- [PROBLEM TO SOLVE] Exact copies of all the lines below are needed, without the pictures.

- [SUPPLIED MATERIAL]
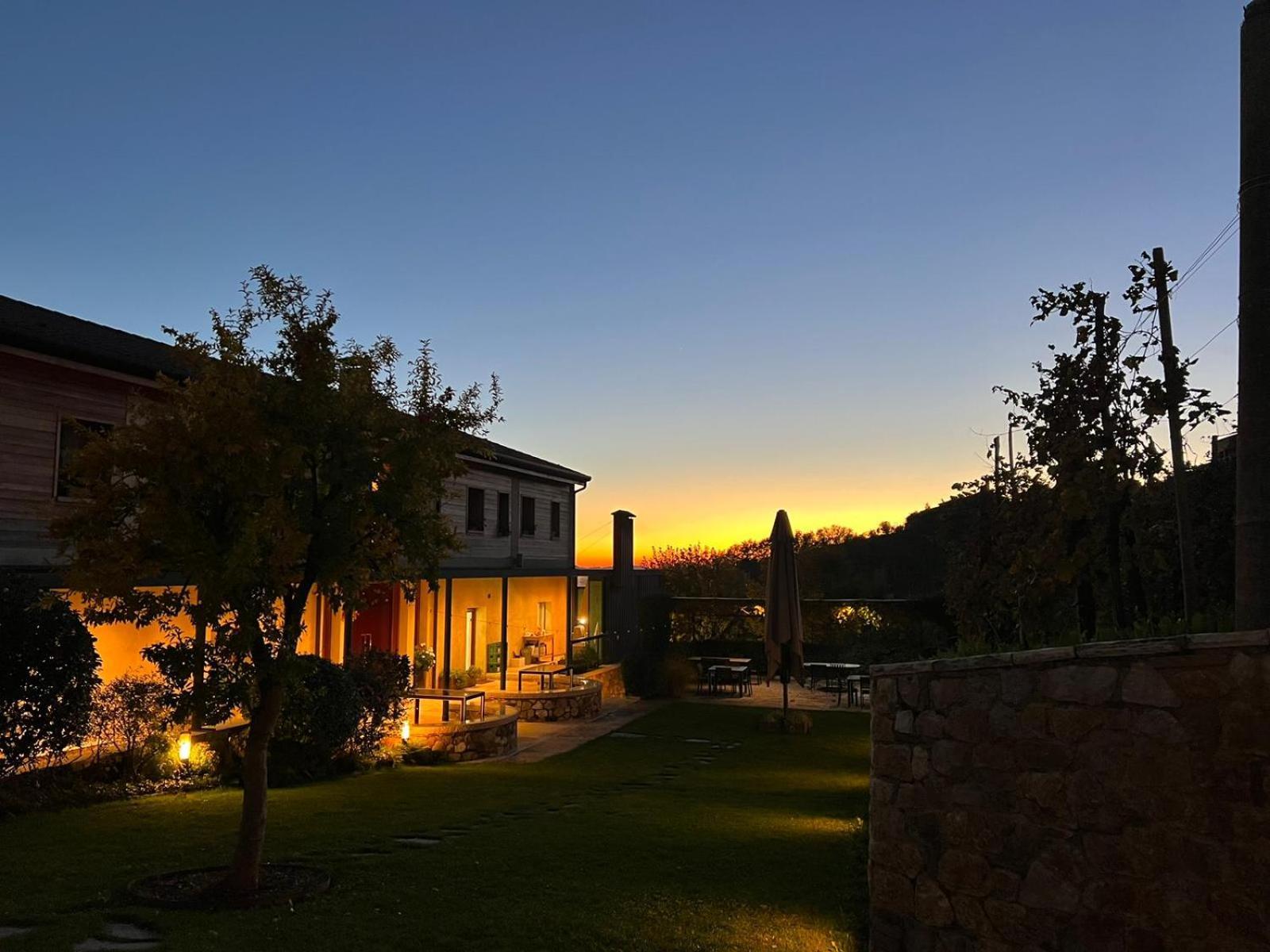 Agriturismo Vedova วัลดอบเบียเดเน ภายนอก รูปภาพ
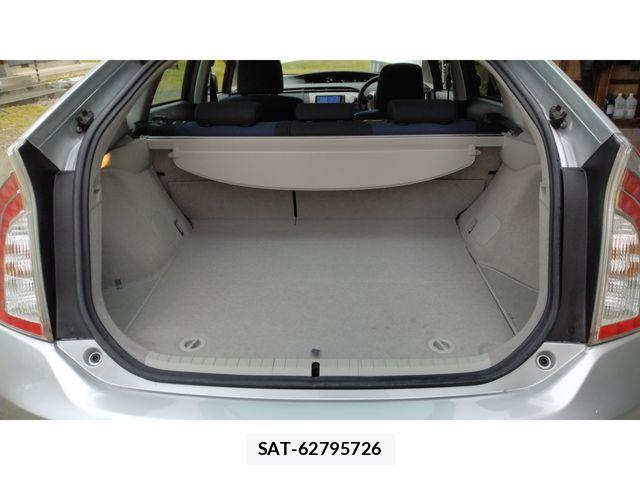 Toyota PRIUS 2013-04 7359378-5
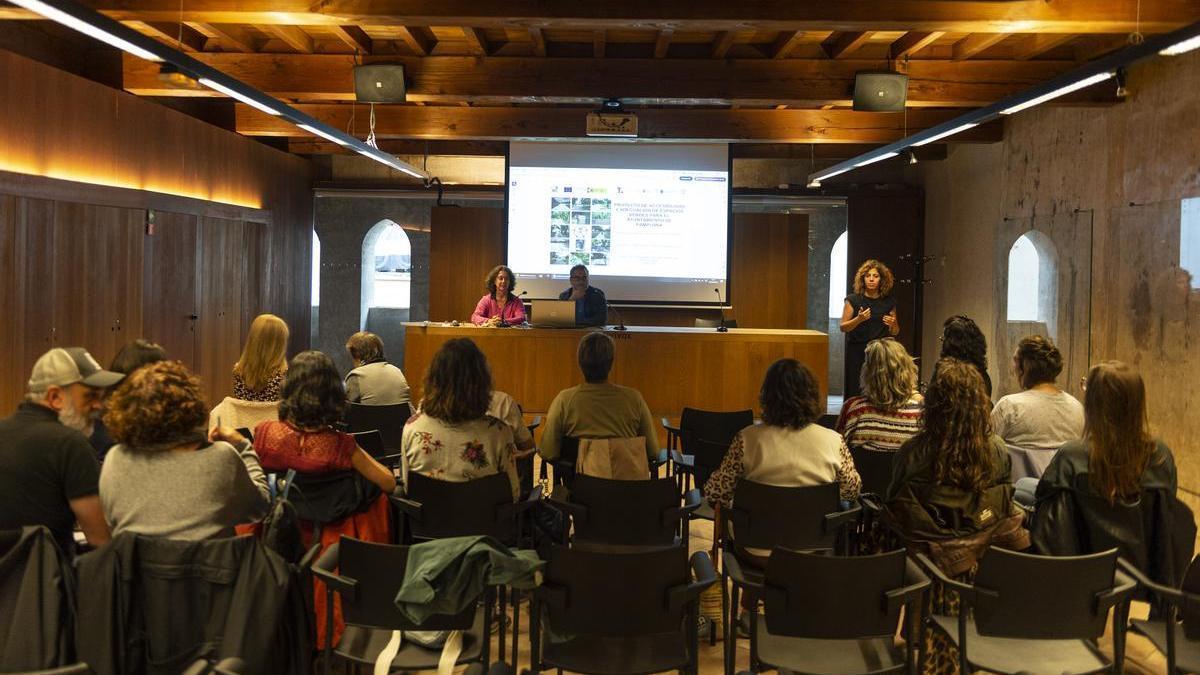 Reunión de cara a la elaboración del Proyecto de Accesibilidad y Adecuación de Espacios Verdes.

- [EXERCISE SOLUTION]
 Agriturismo Vedova วัลดอบเบียเดเน ภายนอก รูปภาพ
 Toyota PRIUS 2013-04 7359378-5
 Reunión de cara a la elaboración del Proyecto de Accesibilidad y Adecuación de Espacios Verdes.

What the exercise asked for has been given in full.